Given material: Begin

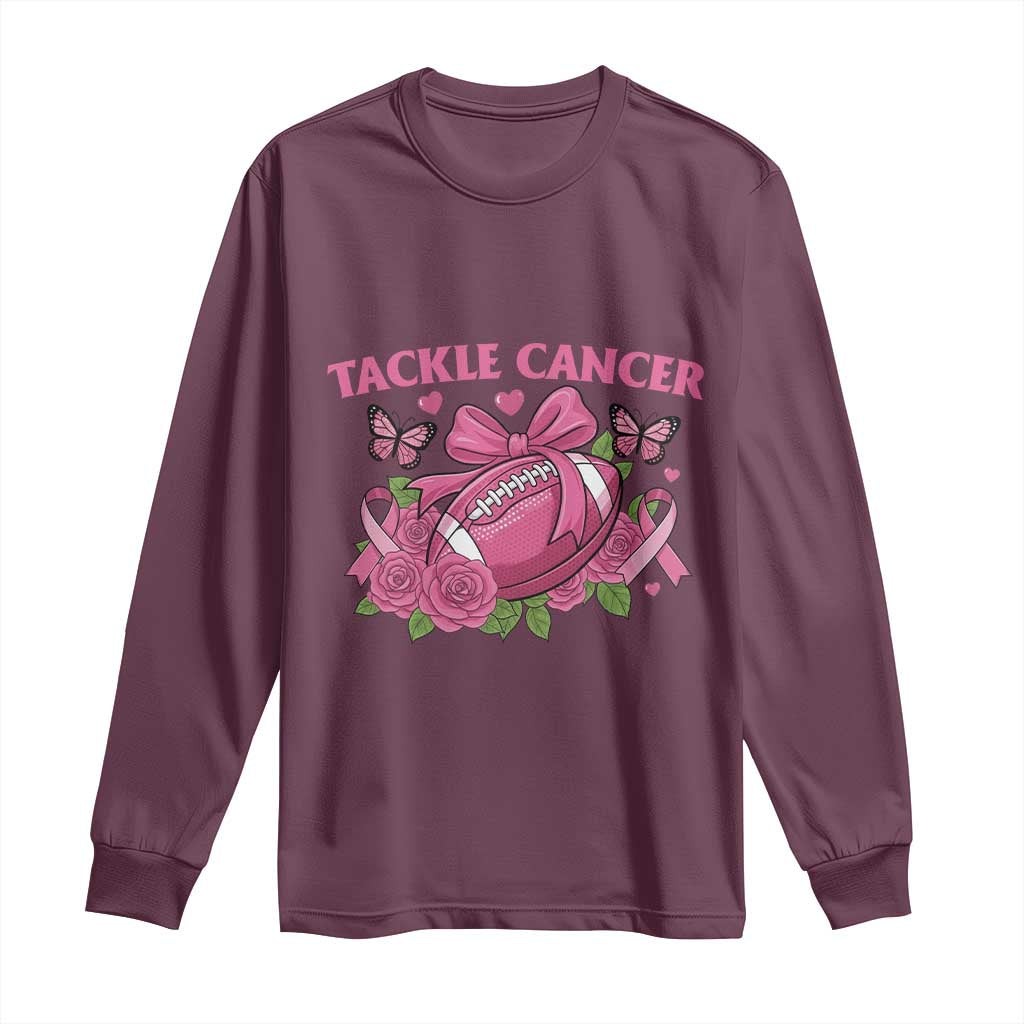 Tackle Cancer Long Sleeve Shirt Football Breast Cancer Awareness Pink Ribbon - Wonder Print Shop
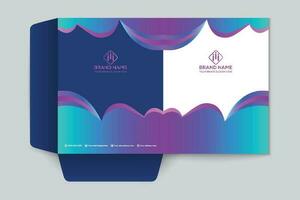 Gradient color  presentation folder template vector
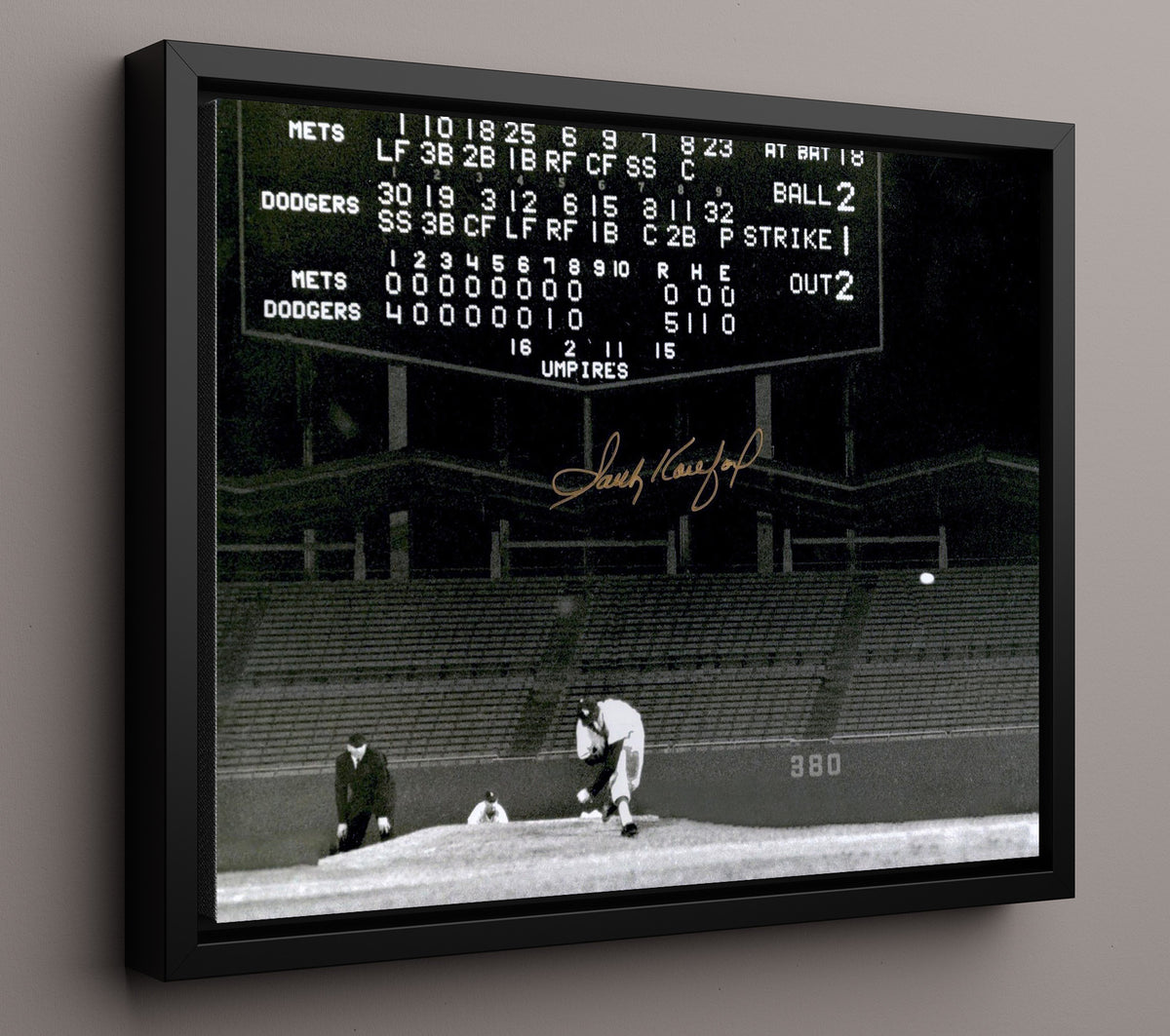 Sandy Koufax - Scoreboard No Hitter 8x10 Framed Canvas baseball wall art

Given material: End

Reproduce every line above word for word; no images.

Answer to the exercise:
 Tackle Cancer Long Sleeve Shirt Football Breast Cancer Awareness Pink Ribbon - Wonder Print Shop
 Gradient color  presentation folder template vector
 Sandy Koufax - Scoreboard No Hitter 8x10 Framed Canvas baseball wall art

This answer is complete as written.